This smoothie is my jam. It’s chock-full of antioxidants, nourishing fats, muscle-building protein, and low-glycemic carbs. It’s well-balanced, providing more than just a jolt of natural sugars to my body. It leaves me feeling satisfied and energized. It’s not overly sweet, and it’s full of fiber. It’s great for breakfast, post-workout, or even as a light dinner. Contrary to using heaps of frozen fruit (which wreak havoc on blood sugar levels), this smoothie errs on the veggie-centric side.
To stabilize my blood sugar levels, I like adding bland, frozen veggies into the blender (i.e. zucchini, cauliflower, and spinach). For optimal digestion, you can steam, then freeze your veggies. They also add bulk and creaminess without sacrificing flavor. To round out the smoothie base, I throw in healthy fats, protein / collagen powder(s), and either almond milk or coconut water. Smoothies are fairly forgiving and you can play around with different ingredients and combinations!
Fats. Fats. Fats. Nut butters, coconut oil, ghee, avocado, walnuts, pumpkin seeds, and ground flaxseeds are all great choices. Nuts and seeds are a crucial part of our diet, but they are calorie-dense. Personally, I’ve found that increasing my fat intake has helped me balance my hormones. However, for a lower-calorie smoothie, simply swap more frozen veggies (or ice) for fat.
For protein, lately I’ve been using Vital Proteins collagen whey. Collagen rocks. To read more about its benefits, head over to The Wellness Mama. Alternatively, you can use a hemp, brown rice, or pea protein. If you’re sensitive to dairy, find a vegan protein powder that you like. Also, remember that depending on the liquid you’re using, many plant-based milks have plenty of protein. I recommend choosing a plant-based milk without carrageenan.

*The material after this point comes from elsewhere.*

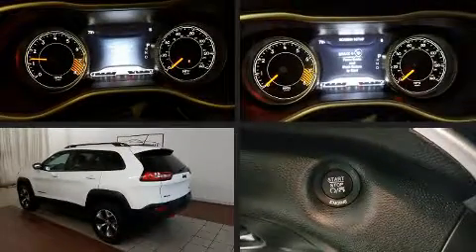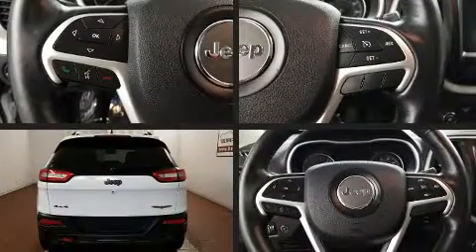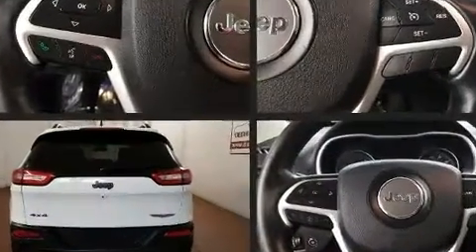Treat yourself to a test drive in the 2015 Jeep Cherokee. With less than 30,000 miles on the odometer, this four-door sport utility vehicle prioritizes comfort, safety, and convenience.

All of the aforementioned ingredients help prevent inflammation, aid in optimal brain function, create a balanced mood, and keep the body in a proper balance of omega-3 to omega-6 fats. In excess, omega-6 fats can lead to inflammation in the body (they’re largely found in oils such as corn and soybean). However, chia seeds and flaxseeds help regulate excess omega-6 fats.
Lastly, all smoothies are actually just a vehicle for toppings. I tend to rotate a few of my favorites! I enjoy shredded, unsweetened coconut, paleo granola, cacao nibs, chia seeds, drizzled almond butter, and / or a crumbled snack bar. My go-to bars are Square Organics (20%-off with code ‘wellnesswithedie’), Bullet Proof bars, RXBARs, and Perfect Bars.
Gluten-free Berry Collagen Smoothie Bowl
- Add all of your ingredients to a high-power blender and blend.
- Pour into a bowl and add your toppings.